The problem: Provide again, from the entries below, every line from the one containing "Ombre Opal Huggies in Silver - Image 3" through the one containing "The Classic Trouser - Sage Stripe", exactly as written, and no other line.
== Input ==
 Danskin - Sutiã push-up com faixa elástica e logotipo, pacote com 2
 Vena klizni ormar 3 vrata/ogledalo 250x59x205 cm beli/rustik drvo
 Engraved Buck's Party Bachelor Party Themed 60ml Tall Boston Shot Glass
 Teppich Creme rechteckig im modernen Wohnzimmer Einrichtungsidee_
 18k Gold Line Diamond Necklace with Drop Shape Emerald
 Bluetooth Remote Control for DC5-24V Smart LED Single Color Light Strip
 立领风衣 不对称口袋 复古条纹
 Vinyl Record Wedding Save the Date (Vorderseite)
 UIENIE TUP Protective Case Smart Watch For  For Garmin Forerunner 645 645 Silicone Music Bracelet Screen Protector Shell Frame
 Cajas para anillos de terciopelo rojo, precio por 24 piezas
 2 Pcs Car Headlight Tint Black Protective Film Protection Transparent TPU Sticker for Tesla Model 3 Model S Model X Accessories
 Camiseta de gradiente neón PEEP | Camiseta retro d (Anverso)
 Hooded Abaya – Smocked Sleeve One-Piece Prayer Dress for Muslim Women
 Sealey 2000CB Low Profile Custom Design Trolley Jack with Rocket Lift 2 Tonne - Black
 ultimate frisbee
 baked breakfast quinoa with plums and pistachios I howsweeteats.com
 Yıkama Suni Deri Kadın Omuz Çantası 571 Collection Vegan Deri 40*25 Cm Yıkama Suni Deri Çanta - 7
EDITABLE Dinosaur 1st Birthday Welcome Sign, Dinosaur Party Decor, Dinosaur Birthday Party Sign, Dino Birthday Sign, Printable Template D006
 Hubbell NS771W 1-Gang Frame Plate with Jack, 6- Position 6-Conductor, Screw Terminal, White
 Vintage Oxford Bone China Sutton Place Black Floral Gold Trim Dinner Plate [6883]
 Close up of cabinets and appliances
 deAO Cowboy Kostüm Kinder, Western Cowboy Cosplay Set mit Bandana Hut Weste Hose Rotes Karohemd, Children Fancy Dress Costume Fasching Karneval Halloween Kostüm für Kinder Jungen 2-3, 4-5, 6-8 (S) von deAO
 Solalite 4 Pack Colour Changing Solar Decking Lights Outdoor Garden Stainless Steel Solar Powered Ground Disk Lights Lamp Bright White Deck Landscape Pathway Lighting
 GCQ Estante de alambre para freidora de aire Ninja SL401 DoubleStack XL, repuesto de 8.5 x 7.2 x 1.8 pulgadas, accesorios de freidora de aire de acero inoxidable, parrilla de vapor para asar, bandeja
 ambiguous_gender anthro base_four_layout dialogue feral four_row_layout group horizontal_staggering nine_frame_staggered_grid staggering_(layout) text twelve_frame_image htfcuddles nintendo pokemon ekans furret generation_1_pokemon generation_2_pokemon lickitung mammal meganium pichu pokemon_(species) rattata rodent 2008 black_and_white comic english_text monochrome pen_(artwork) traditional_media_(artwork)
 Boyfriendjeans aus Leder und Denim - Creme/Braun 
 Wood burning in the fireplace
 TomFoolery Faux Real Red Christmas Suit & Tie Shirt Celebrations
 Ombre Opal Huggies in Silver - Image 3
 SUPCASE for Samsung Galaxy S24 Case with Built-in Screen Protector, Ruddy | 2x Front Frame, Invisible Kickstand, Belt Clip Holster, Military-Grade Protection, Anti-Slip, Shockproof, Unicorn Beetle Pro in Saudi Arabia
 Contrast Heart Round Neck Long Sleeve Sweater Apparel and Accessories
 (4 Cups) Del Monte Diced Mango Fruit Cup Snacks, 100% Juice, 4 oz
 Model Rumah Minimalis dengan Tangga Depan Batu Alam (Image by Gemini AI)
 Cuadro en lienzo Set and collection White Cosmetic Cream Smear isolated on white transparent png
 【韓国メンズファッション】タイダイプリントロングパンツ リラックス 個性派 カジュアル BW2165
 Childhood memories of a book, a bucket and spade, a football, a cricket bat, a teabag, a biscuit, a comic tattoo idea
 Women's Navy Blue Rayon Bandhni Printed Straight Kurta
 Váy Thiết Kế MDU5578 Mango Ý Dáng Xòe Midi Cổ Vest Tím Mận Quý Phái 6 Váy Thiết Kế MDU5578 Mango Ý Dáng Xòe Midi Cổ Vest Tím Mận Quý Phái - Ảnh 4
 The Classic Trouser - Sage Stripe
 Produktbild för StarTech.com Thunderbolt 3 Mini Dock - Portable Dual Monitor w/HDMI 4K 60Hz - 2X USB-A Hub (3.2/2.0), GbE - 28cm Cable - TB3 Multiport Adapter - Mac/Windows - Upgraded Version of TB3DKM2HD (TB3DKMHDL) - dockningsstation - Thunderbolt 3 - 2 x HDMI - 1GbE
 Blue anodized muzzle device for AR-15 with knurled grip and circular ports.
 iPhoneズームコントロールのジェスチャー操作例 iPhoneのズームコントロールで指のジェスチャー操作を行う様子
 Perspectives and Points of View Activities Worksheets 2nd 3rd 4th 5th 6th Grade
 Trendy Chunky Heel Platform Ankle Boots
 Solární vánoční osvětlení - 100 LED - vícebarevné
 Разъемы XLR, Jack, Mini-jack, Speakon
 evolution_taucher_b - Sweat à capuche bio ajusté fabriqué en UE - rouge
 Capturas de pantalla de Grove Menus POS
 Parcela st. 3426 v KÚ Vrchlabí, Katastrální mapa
===
Problem solution:
 Ombre Opal Huggies in Silver - Image 3
 SUPCASE for Samsung Galaxy S24 Case with Built-in Screen Protector, Ruddy | 2x Front Frame, Invisible Kickstand, Belt Clip Holster, Military-Grade Protection, Anti-Slip, Shockproof, Unicorn Beetle Pro in Saudi Arabia
 Contrast Heart Round Neck Long Sleeve Sweater Apparel and Accessories
 (4 Cups) Del Monte Diced Mango Fruit Cup Snacks, 100% Juice, 4 oz
 Model Rumah Minimalis dengan Tangga Depan Batu Alam (Image by Gemini AI)
 Cuadro en lienzo Set and collection White Cosmetic Cream Smear isolated on white transparent png
 【韓国メンズファッション】タイダイプリントロングパンツ リラックス 個性派 カジュアル BW2165
 Childhood memories of a book, a bucket and spade, a football, a cricket bat, a teabag, a biscuit, a comic tattoo idea
 Women's Navy Blue Rayon Bandhni Printed Straight Kurta
 Váy Thiết Kế MDU5578 Mango Ý Dáng Xòe Midi Cổ Vest Tím Mận Quý Phái 6 Váy Thiết Kế MDU5578 Mango Ý Dáng Xòe Midi Cổ Vest Tím Mận Quý Phái - Ảnh 4
 The Classic Trouser - Sage Stripe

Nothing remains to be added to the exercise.